[SOLVED] Does unaligned checkpointing in Flink have disadvantages beyond extra I/O, and does it affect end-to-end exactly-once semantics?

Does unaligned checkpointing in Flink have disadvantages beyond extra I/O, and does it affect end-to-end exactly-once semantics?

I’m trying to understand the trade-offs of using unaligned checkpointing in Apache Flink. While I know that unaligned checkpointing can reduce checkpoint duration under backpressure by skipping the alignment phase, the documentation mentions that it comes with additional I/O overhead.

My question is:

Besides the extra I/O, are there any other disadvantages of unaligned checkpointing compared to aligned checkpointing?
Does it impact the end-to-end exactly-once semantics, especially since it might cause duplication in operators with multiple input streams in case of failure?

Any clarification or examples would be greatly appreciated!

Solution

Unaligned checkpoints skip alignment by advancing the checkpoint barriers over unprocessed records.
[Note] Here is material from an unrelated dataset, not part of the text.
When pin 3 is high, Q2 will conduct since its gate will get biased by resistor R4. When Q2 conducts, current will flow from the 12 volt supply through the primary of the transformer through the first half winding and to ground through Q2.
Those skipped over records are included in the checkpoint, resulting in additional I/O and increasing the size of the checkpoint.
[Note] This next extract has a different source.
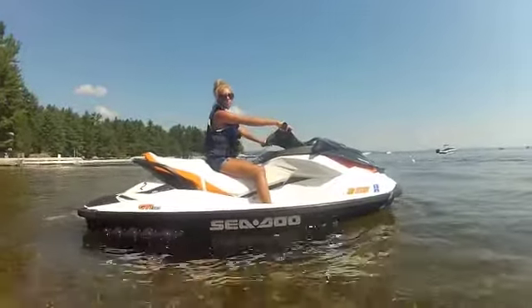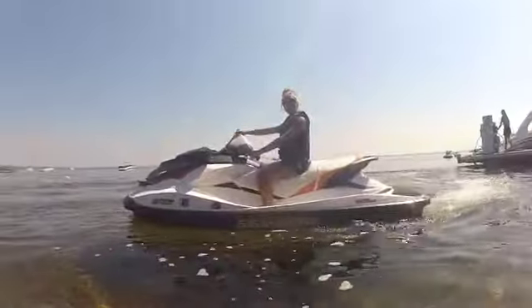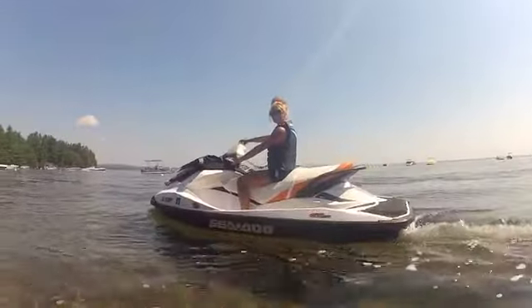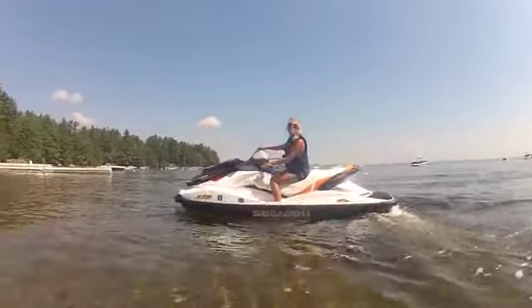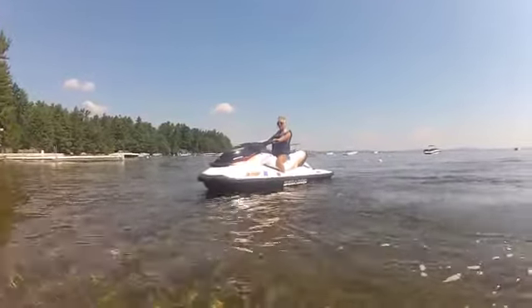We require at least four to five feet of water to start the machine, so absolutely no beaching or docking it. To go forward, press the right lever once. To go back into neutral, press the left lever once. To go into reverse, hold down the left lever and look behind you.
If you study this table -- https://nightlies.apache.org/flink/flink-docs-release-1.20/docs/ops/state/checkpoints_vs_savepoints/#capabilities-and-limitations -- you'll see that unaligned checkpoints are not as versatile as aligned checkpoints. That's because the on-the-wire events aren't necessarily serialized into checkpoints with the state serializers that are used for writing state into checkpoints.

As for exactly-once guarantees, unaligned checkpoints fully support exactly-once. There is no effect on the end-to-end exactly-once semantics.